Broadcom vs Allstate: Quando l’audit diventa una vendetta personale

Broadcom vs Allstate: Quando l'audit diventa una vendetta personale

Se pensate che le dispute tra grandi corporation siano solo noiosi scambi di fogli Excel e avvocati in giacca e cravatta, vi sbagliate di grosso. Qui siamo nel territorio del dramma puro, di quello che si guarda con i popcorn mentre speriamo che qualcuno faccia un casino colossale.

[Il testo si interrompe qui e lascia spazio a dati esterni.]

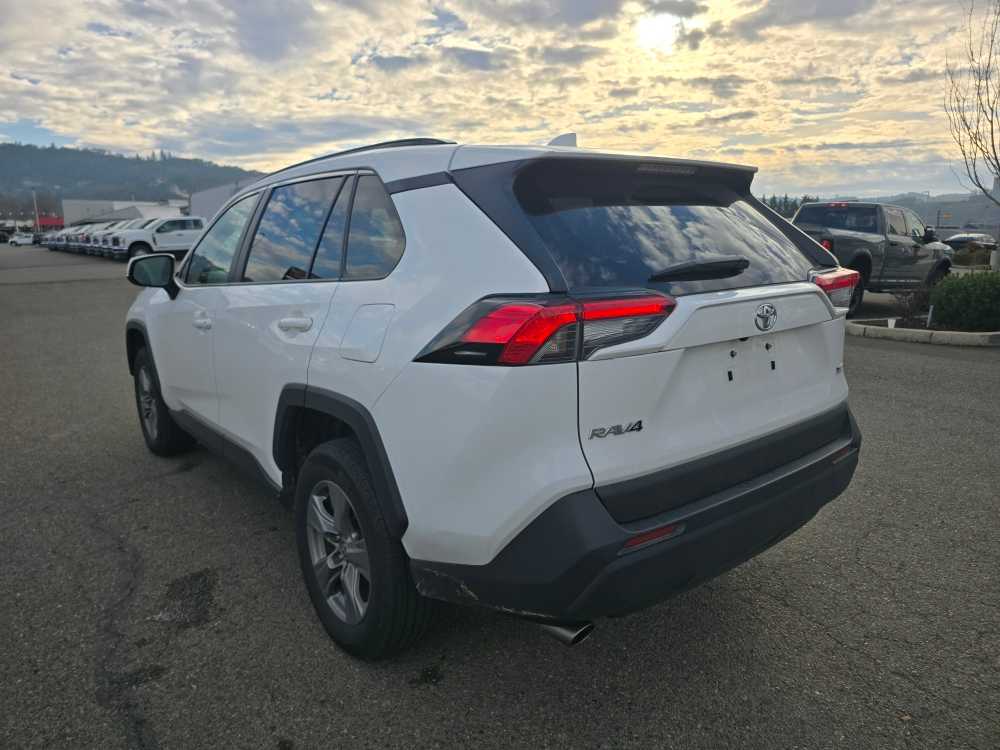 Used 2024 Toyota RAV4 XLE with VIN 2T3W1RFV7RW333027 for sale in Northfield, Minnesota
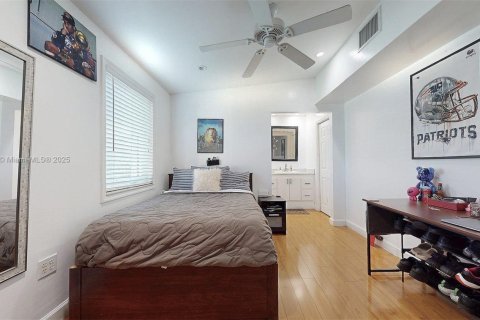 House in Miami, Florida 4 bedrooms, 221.39 sq.m. № 1888988 - photo 16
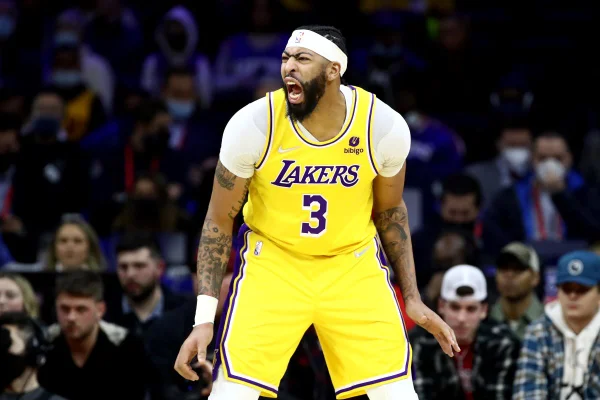 76ers aproveita ausência de LeBron e bate o Lakers na NBA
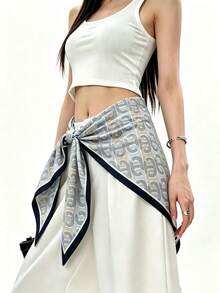 1PcOld Money Style Geometric Chain Print Satin Triangle Scarf, Multi‑Purpose Decor Waist Wrap Head Neck Band, Versatile Women Fashion Accessory - Multicolor - View 3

La notizia che arriva dagli USA è roba da brividi per chiunque abbia mai provato a gestire un’infrastruttura IT senza farsi strangolare dai costi di licenza. Broadcom ha lanciato un’accusa pesantissima contro Allstate, il colosso delle assicurazioni: sostiene che l’azienda stia attivamente cercando di evitare gli audit di VMware.

Per chi non fosse aggiornato (o volesse ignorare deliberatamente il caos che sta succedendo nel mondo della virtualizzazione), Broadcom ha acquisito VMware e, come spesso accade quando un gigante si accaparra un altro gigante, ha deciso di rivoluzionare il modello di business. Addio flessibilità, benvenuti bundle che pesano quanto un’armatura medievale e prezzi che fanno piangere i controller finanziari. Allstate, comprensibilmente, ha detto ‘no grazie’ e ha iniziato a cercare alternative per liberarsi di quel cappio al collo.

Ma la risposta di Broadcom è stata una mossa da cattivo dei film: accusare Allstate di non voler sottoporre i propri sistemi a verifiche. In pratica, Broadcom dice: «State scappando perché sapete di non aver pagato tutto quello che dovete». Allstate, dal canto suo, ribatte che questi audit sono solo un modo per infastidirli e ritorsione perché hanno deciso di cambiare vendor.

È la solita storia: una volta che sei entrato in quel labirinto di dipendenze tecnologiche, uscire diventa un’impresa degna di un raid in un dungeon di livello altissimo. E la cosa peggiore è che, mentre in Italia stiamo ancora cercando di capire come far dialogare i sistemi della Pubblica Amministrazione senza far esplodere i server, dall’altra parte dell’oceano si combatte una guerra di trincea per decidere chi deve pagare l’ennesima parcella software.

Non è una notizia che cambierà il modo in cui configuriamo i nostri server domestici o i nostri cluster Kubernetes in ufficio, ma è un segnale chiarissimo su dove sta andando l’industria: verso un ecosistema dove la libertà di scelta è sempre più un miraggio e ogni tentativo di diversificazione viene punito con controlli maniacali e ritorsioni legali. Se il futuro del software è questo, io mi tengo volentieri i miei container open source e il mio buon senso.